I've listened to Scattering Stars Like Dust several more times, and have decided that it is a really, really good album. As is customary after discovering an artist whom I find agreeable, I have acquired more of his recordings: In the Mirror of the Sky with Ali Akbar Moradi and Night Silence Desert with Mohammad Reza Shajarian. I've also been listening to Hamza el Din [pictured], who was a famous oudist and preeminent Nubian musician. He died recently; only about a month ago. Believe it or not, it wasn't my first experience with Nubian music: I've had a crush on From Nubia To Cairo from Ali Hassan Kuban for quite some time now, who has updated the form and even allowed it to be influenced by Western music. Hamza el Din and Ali Hassan Kuban: the traditional and the modern of Nubian music.

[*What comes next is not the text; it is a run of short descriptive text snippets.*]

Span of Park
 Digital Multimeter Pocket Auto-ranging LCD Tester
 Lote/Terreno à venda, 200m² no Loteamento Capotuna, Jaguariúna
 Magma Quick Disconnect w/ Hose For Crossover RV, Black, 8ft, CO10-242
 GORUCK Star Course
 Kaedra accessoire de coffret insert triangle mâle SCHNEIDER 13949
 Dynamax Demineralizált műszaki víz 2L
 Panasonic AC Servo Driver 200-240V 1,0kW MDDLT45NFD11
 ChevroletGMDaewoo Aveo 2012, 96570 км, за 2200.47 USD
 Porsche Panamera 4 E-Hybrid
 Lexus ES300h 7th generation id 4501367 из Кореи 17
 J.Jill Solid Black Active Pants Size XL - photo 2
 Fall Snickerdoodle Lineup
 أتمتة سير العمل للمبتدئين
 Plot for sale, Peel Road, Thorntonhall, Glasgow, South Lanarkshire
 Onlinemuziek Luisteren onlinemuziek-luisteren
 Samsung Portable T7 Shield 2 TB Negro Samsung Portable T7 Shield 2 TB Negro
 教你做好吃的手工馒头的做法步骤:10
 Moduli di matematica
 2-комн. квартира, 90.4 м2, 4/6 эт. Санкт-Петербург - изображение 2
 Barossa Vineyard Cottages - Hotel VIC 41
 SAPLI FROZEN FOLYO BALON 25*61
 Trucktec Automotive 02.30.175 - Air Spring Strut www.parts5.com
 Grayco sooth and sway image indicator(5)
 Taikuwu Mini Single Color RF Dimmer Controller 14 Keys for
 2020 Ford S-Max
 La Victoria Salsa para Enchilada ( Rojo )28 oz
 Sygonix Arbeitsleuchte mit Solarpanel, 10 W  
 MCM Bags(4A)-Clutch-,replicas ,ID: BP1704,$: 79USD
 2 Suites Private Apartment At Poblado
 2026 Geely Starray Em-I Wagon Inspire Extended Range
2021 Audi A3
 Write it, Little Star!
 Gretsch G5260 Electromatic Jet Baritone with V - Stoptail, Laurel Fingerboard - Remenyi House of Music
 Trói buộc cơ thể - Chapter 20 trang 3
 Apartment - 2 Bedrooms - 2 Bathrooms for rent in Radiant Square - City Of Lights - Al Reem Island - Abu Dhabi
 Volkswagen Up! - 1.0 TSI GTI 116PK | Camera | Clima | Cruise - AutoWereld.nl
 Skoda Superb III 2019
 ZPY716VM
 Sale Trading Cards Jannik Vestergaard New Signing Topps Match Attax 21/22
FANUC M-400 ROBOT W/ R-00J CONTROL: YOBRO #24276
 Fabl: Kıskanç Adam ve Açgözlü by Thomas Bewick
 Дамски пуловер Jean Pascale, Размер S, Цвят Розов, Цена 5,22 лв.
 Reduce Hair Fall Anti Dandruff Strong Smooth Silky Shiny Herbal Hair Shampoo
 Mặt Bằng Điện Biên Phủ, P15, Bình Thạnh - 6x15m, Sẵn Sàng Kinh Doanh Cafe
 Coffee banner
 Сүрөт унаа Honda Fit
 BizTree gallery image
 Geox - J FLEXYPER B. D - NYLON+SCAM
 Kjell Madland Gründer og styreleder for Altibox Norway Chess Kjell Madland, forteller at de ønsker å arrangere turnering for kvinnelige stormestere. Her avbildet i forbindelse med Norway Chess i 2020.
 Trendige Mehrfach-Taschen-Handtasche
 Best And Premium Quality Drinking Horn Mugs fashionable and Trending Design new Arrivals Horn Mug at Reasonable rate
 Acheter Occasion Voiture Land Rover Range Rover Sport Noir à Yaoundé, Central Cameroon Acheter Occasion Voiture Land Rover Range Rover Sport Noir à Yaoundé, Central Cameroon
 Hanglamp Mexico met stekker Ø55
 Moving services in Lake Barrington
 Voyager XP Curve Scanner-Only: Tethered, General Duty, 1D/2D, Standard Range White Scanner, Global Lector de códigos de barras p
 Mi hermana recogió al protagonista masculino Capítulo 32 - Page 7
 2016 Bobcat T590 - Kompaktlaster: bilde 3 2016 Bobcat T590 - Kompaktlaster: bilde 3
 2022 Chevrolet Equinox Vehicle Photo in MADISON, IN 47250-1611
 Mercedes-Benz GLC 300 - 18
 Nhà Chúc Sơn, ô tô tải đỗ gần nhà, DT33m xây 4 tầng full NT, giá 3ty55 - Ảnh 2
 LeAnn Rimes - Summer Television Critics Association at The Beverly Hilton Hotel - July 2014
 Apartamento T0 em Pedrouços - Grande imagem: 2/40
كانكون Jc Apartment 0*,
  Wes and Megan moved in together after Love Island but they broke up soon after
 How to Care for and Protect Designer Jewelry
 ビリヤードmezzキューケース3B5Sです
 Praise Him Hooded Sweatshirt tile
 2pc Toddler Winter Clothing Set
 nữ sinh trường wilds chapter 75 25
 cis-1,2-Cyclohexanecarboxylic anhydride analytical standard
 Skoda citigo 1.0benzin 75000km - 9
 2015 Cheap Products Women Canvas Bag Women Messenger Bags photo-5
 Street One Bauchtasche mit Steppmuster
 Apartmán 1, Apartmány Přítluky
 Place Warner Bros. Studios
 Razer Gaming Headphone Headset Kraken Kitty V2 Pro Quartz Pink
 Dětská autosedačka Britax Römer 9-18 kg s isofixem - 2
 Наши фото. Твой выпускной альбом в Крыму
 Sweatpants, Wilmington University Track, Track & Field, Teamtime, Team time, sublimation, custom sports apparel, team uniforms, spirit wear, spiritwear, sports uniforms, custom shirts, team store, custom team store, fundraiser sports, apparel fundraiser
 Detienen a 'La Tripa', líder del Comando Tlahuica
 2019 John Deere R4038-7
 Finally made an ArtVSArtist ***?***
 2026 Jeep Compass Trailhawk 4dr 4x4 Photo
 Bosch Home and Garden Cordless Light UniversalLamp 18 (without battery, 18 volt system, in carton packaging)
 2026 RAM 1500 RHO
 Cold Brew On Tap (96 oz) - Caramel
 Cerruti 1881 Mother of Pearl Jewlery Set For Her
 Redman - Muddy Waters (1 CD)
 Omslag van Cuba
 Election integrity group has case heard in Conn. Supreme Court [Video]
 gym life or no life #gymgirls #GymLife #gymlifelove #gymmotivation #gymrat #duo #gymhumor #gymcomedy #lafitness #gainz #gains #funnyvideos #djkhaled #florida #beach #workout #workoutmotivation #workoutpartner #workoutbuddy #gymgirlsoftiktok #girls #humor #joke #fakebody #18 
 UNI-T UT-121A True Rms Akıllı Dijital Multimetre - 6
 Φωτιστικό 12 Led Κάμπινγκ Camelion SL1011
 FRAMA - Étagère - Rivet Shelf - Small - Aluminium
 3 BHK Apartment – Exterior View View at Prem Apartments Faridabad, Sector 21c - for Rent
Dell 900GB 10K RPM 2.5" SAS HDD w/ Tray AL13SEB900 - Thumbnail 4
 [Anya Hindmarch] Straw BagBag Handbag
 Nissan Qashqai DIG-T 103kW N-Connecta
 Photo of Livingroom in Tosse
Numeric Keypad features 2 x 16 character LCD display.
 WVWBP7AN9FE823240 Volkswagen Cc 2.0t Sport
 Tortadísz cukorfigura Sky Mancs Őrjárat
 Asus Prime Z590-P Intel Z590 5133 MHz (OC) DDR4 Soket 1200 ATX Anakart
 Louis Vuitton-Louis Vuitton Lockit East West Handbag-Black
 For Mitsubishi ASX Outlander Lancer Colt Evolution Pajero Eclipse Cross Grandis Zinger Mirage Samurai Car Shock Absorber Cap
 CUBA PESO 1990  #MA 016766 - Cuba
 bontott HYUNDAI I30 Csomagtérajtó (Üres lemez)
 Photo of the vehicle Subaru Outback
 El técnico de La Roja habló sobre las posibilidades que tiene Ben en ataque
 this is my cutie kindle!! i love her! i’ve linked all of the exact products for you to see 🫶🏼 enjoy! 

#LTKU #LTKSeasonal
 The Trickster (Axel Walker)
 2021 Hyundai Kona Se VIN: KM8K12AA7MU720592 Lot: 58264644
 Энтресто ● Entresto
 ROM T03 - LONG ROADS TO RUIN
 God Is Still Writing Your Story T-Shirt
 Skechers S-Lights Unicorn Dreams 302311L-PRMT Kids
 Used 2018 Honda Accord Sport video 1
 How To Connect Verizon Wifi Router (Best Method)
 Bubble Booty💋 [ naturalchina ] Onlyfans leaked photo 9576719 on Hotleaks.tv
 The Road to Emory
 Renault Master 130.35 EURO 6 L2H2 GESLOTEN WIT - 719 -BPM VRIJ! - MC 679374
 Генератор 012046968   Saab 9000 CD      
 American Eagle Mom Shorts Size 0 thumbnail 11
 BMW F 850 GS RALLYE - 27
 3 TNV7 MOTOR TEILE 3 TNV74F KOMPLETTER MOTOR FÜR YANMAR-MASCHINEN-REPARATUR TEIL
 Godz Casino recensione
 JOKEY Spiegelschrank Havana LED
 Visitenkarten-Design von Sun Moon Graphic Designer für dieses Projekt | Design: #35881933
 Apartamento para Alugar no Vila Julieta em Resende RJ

I recently finished reading Blue Blood by the Harvard-educated Edward Conlon. It is a book about the first eight or so years of his career as a police officer in the south Bronx, mostly in Housing and Narcotics. Aside from an ample and tasty helping of the obligatory anecdotal narrative, the book covers a lot of history: Conlon family history as well as cultural and political history of both the NYPD and of New York itself. I was attracted to the book because of my perennial fascination and terrifying dread of inner-city decay, particularly in our greatest urban area. Along with the tales of political exasperation, and the depressing and draining segments (such as tours at the Fresh Kills landfill, sifting through debris from the World Trade Center) there were several screamingly funny parts. I particularly enjoyed the following passage:
We collared, and learned how to work an odd little cat-and-mouse OP for 175 Alex, handicapped as we were by uniforms and a marked car, available for jobs at any moment. The building had a back door, so we'd have to wait for someone to walk out in order to make a sneak attack on the dealers in the lobby. One night we had an inspiration to send someone in to open it up for us. We drove a few blocks away, to the prostitution strip down on Jackson Avenue, and made the acquaintance of two ladies named Melissa and Snake. Snake explained that her boyfriend lived in the building and that she couldn't go there, but Melissa figured that opening a door for five bucks would be the easiest money she made that night. But we waited in vain - Melissa went to the wrong building, and Snake marched straight to 175 Alex to warn the dealers.
"What's the world coming to, when you can't trust a whore named Snake?"